Si giocava ad agosto disputando di fatto una competizione a campionato già terminato, non c’era la fatica del doppio impegno, la gestione delle forze e l’Inter poteva andare più veloce degli avversari e valorizzare il surplus di qualità rispetto ad avversari come Getafe, Bayer Leverkusen e lo stesso Shakhtar Donetsk.

Antonio Conte
Antonio Conte – Getty Images

Conte e il piano B: un problema che esiste da tanti anni

Antonio Conte sa benissimo cambiare abito alle sue squadre, la sua Juventus è entrata nella storia modificandosi in un Napoli-Juventus 3-3.

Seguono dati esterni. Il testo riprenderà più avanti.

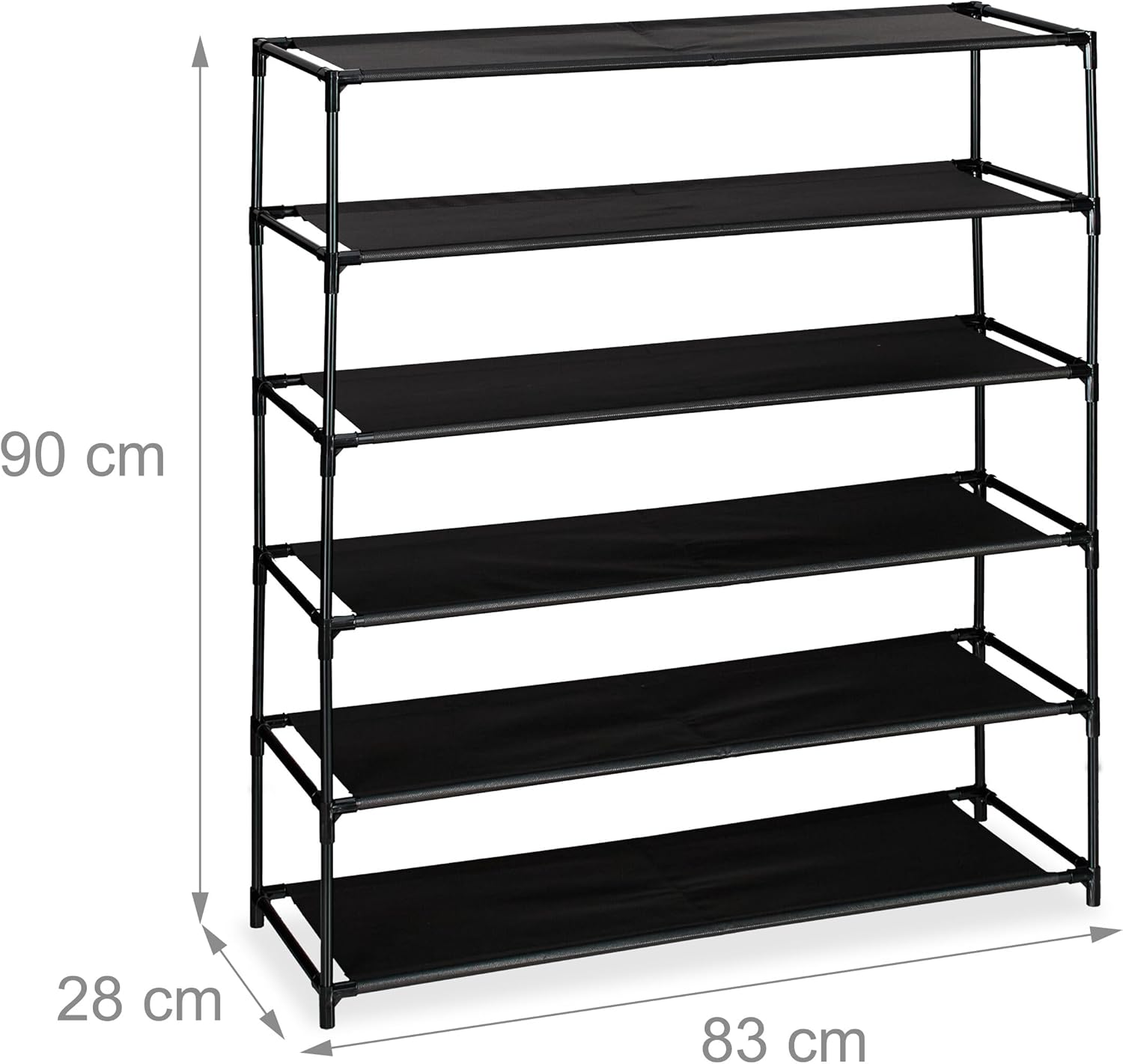 Relaxdays Shoe Rack, with 6 Levels, Metal Frame, Fabric, Plug Together, Organisation, Hallway Storage, Black, Fleece, 6 tier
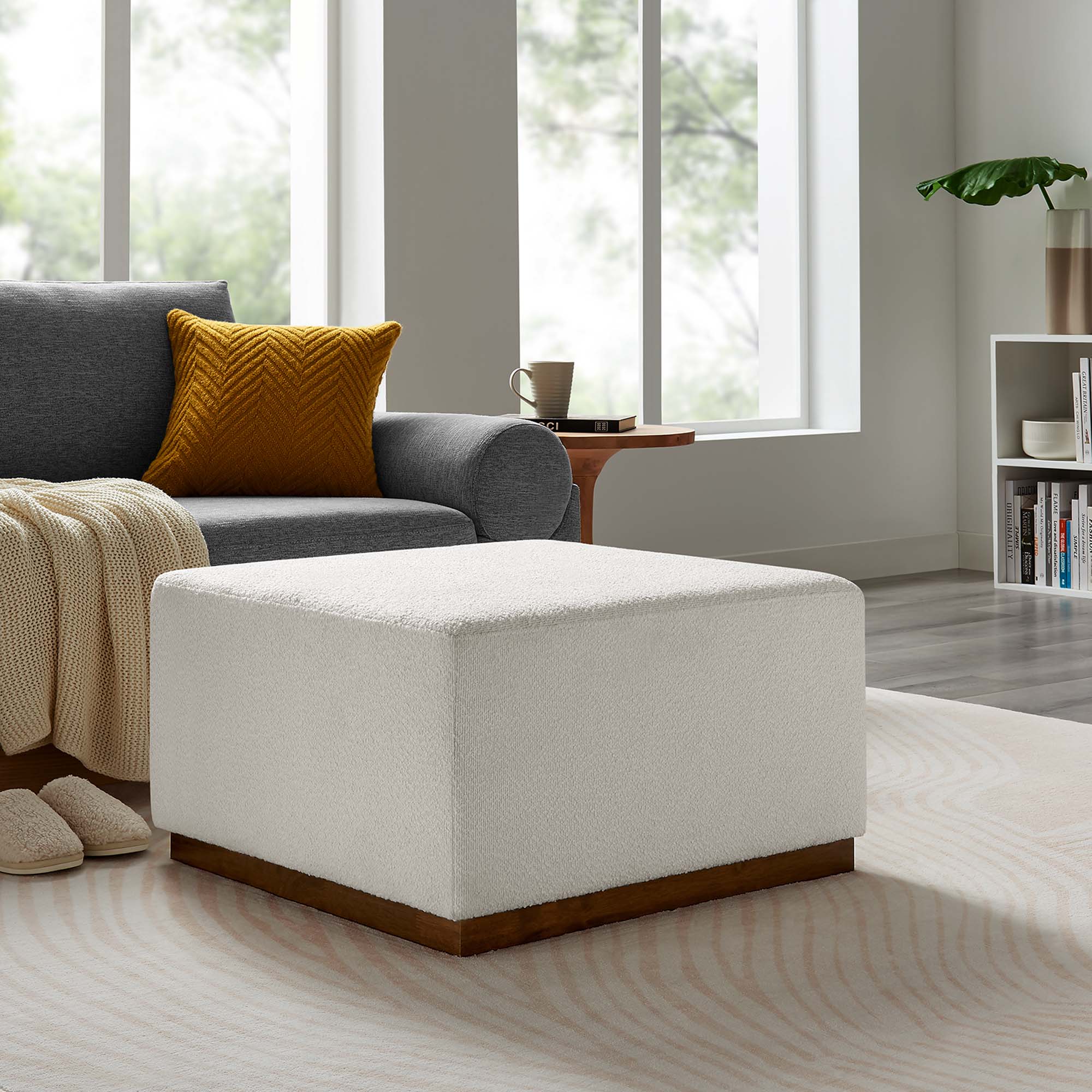 Tilden Large 28" Square Boucle Upholstered Ottoman - Cloud Walnut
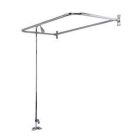 Tub Filler with Code Spout,  Plastic Lever Handles, 56" Riser, Shower Head, Rectangular Shower rod, Polished Chrome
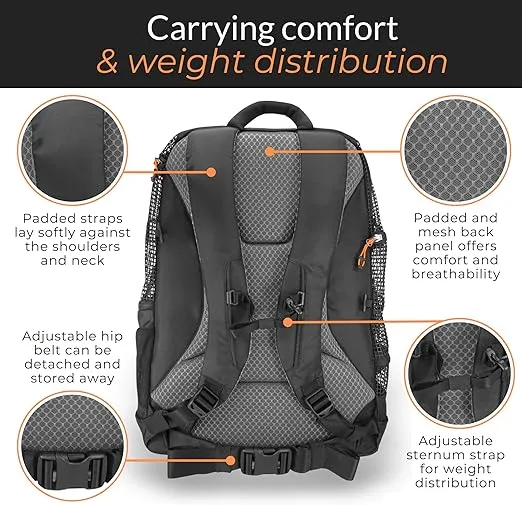 DJANGO Dog Carrier Backpack—Modern Pet Carrier Backpack for Dogs and Cats with Large Mesh Panels, YKK Locking Zippers, Multiple Zipper Pockets & Laptop Pocket—For Hiking, Commuting, Outdoor Adventures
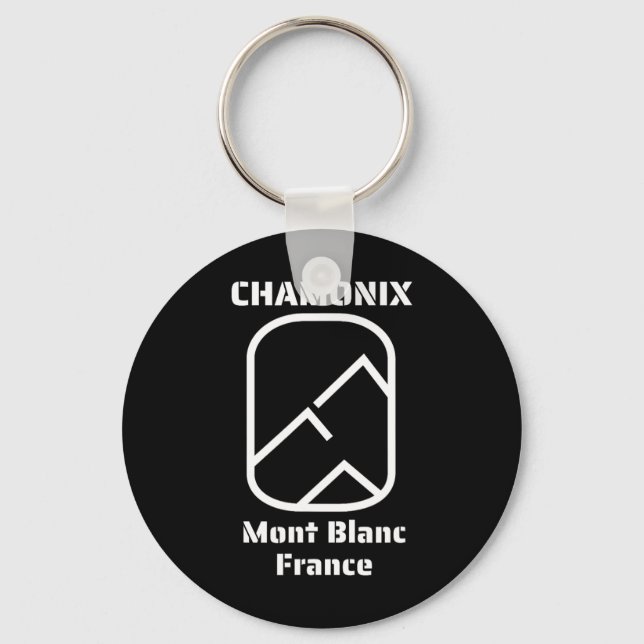 Porte-clés Chamonix Mont Blanc France Ski Snowboard (Recto)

Al fu San Paolo i bianconeri abbandonarono il 4-4-2 con due esterni molto offensivi e scelsero il 3-5-2, poi diventato il sistema di gioco preferito da Conte.

Da quel momento Conte ha scelto la strada di dare un’identità rigida alla propria squadra facendo crescere tanti giocatori in un sistema di gioco molto codificato e definito. Una strada di successo, lo dimostra la sua carriera di grande livello ma in Europa serve più elasticità.

L’Inter si è recentemente trasformata, ha interrotto il percorso del Sassuolo con una partita tatticamente molto preparata: costruzione dal basso schierandosi a quattro in difesa, pressione molto alta e così ha avuto la meglio della formazione di De Zerbi.

In Europa serve di più, soprattutto in un momento storico dove è molto difficile essere brillanti.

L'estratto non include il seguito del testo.